■ **Collected material**
----------------------------------------

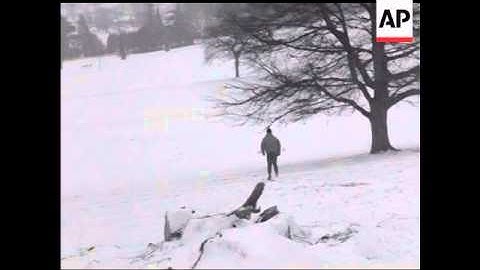 BRISTOL SNOW SCENES   - NO SOUND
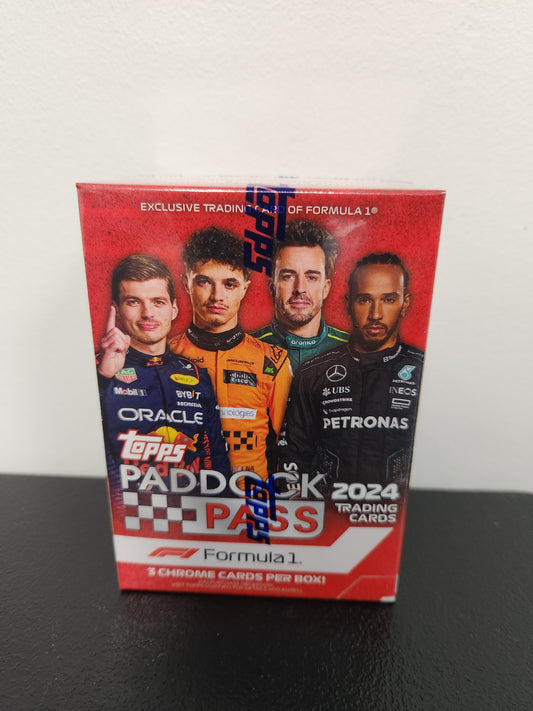 Topps 2024 F1 Paddock Pass Formula 1 (1) Blaster Box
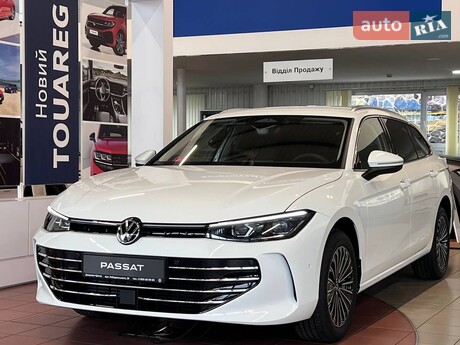 Volkswagen Passat 2025
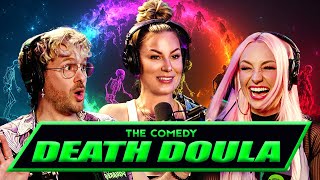 The Comedy Death Doula | E38 Comedian & Podcaster Jessimae Peluso Profile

----------------------------------------

■ **Task directions**
Repeat the material above word for word; no images go in the copy.

■ **Response box**
 BRISTOL SNOW SCENES   - NO SOUND
 Topps 2024 F1 Paddock Pass Formula 1 (1) Blaster Box
 Volkswagen Passat 2025
 The Comedy Death Doula | E38 Comedian & Podcaster Jessimae Peluso Profile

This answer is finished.